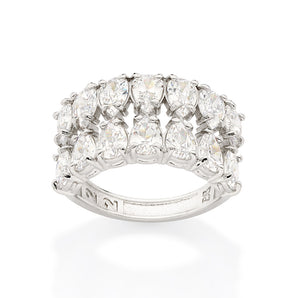 PLATINUM DOUBLE DROPS MAXI RING IN WHITE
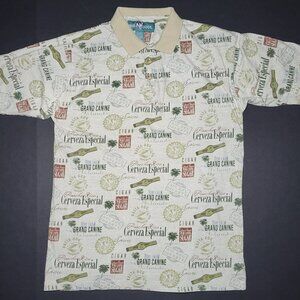 Big Dogs Mens Tan Polo Shirt Poocho Rico Pasta Dog Grand Canine Size Large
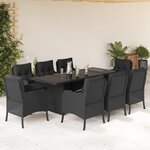 vidaXL Ensemble à manger de jardin 9Pièces coussins noir résine tressée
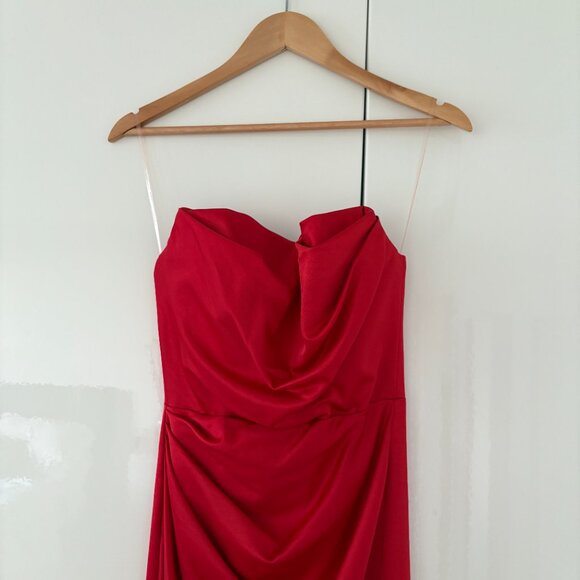 House of CB Adrienne Satin Strapless Gown (size small) EXCELLENT CONDITION - Picture 4 of 8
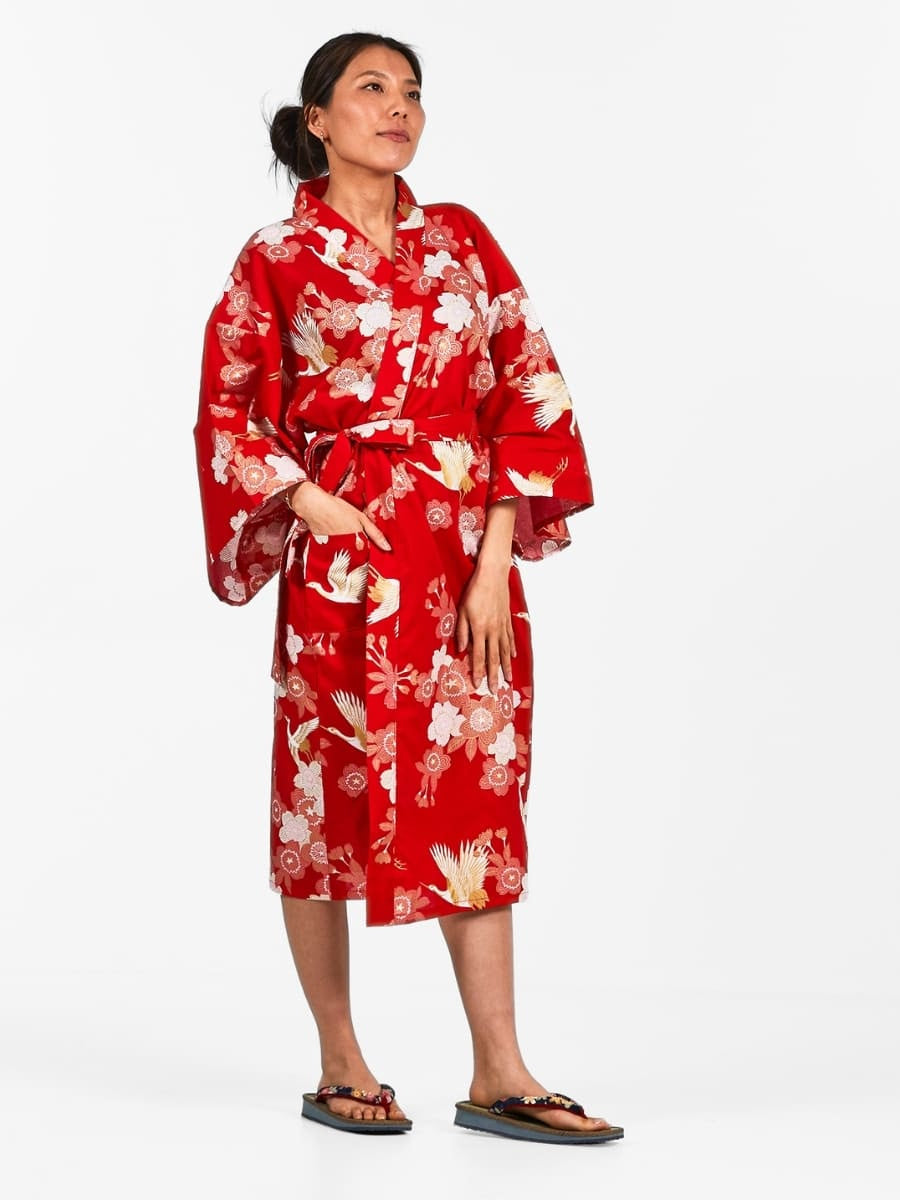 Naisten Happi Sakura to Tsuru Kimono - Yksi koko - Yksi koko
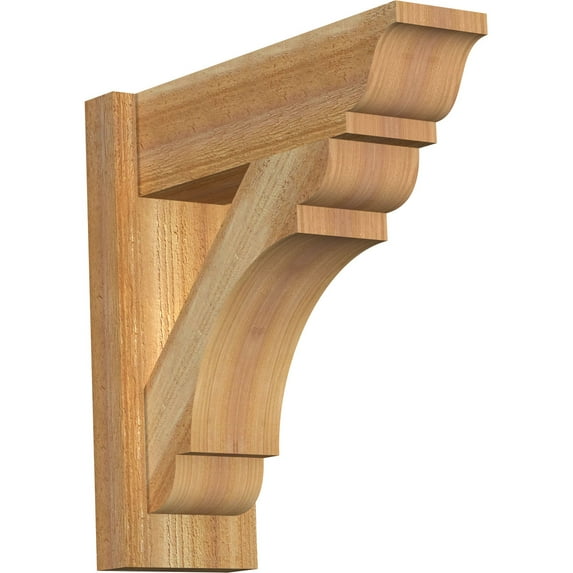 Ekena Millwork 6"W x 18"D x 18"H Olympic Rough Sawn Traditional Outlooker, Western Red Cedar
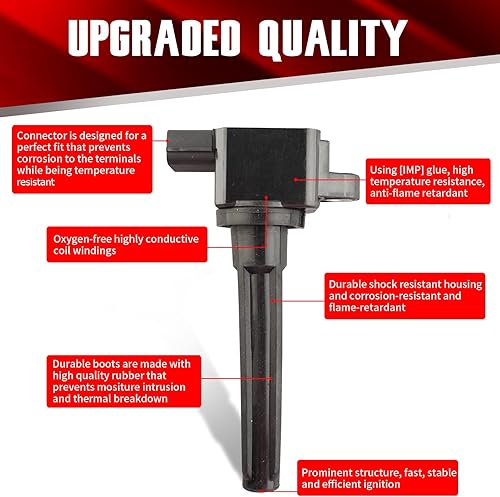 Vista 47 de Juego de 6 bobinas de encendido compatibles con Nissan Infiniti Maxima Quest Pathfinder Murano Altima Q50 QX60 FX35 3.5L V6 UF550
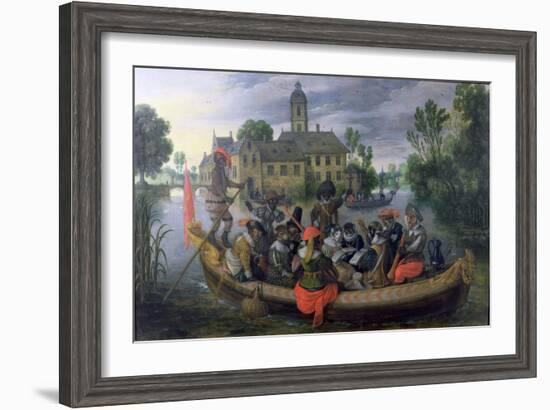 The Boating Party, Satirical Scene with Cats and Monkeys as Humans-Sebastian Vrancx-Framed Giclee Print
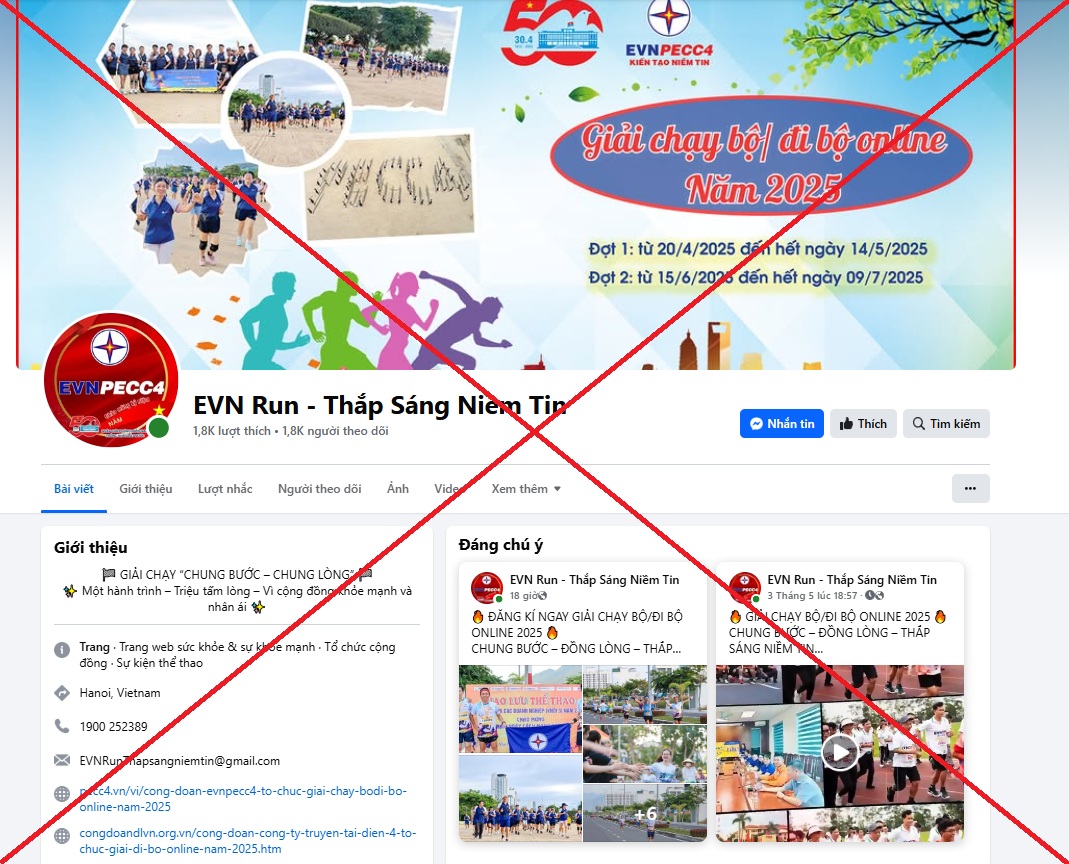 Hình ảnh Fanpage giả mạo thường hiệu EVN và Công ty Cổ phần Tư vấn xây dựng Điện 4 (EVNPECC4)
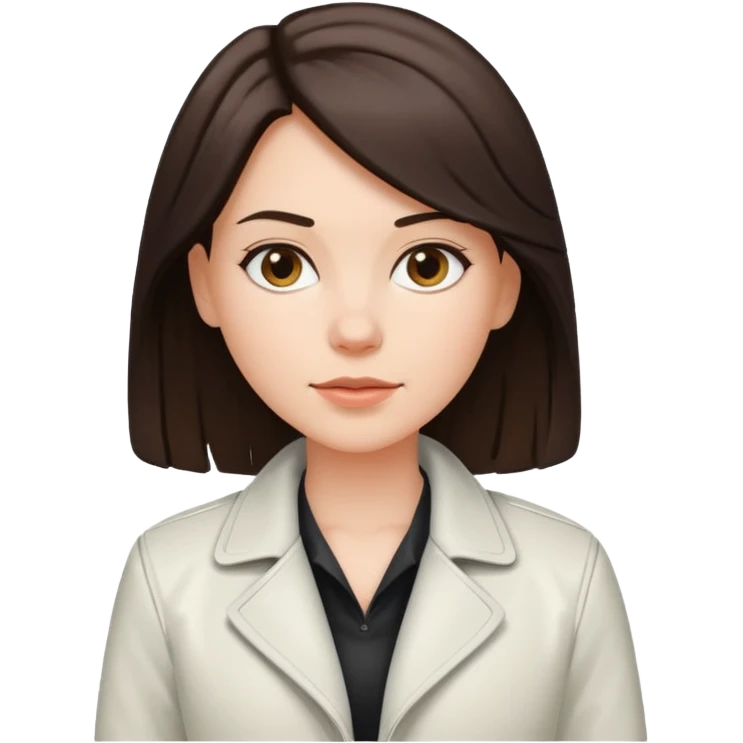 white girl with white jacket and dark brown shoulder-length hair emoji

**HOW TO COMPLETE THIS TASK:** Copy exactly the lines from the one containing "Big Dogs Mens" to the end of the records, both included, and leave the pictures out.

**YOUR RESPONSE:**
 Big Dogs Mens Tan Polo Shirt Poocho Rico Pasta Dog Grand Canine Size Large
 vidaXL Ensemble à manger de jardin 9Pièces coussins noir résine tressée
 House of CB Adrienne Satin Strapless Gown (size small) EXCELLENT CONDITION - Picture 4 of 8
 Naisten Happi Sakura to Tsuru Kimono - Yksi koko - Yksi koko
 Ekena Millwork 6"W x 18"D x 18"H Olympic Rough Sawn Traditional Outlooker, Western Red Cedar
 Vista 47 de Juego de 6 bobinas de encendido compatibles con Nissan Infiniti Maxima Quest Pathfinder Murano Altima Q50 QX60 FX35 3.5L V6 UF550
 The Boating Party, Satirical Scene with Cats and Monkeys as Humans-Sebastian Vrancx-Framed Giclee Print
 Hình ảnh Fanpage giả mạo thường hiệu EVN và Công ty Cổ phần Tư vấn xây dựng Điện 4 (EVNPECC4)
 white girl with white jacket and dark brown shoulder-length hair emoji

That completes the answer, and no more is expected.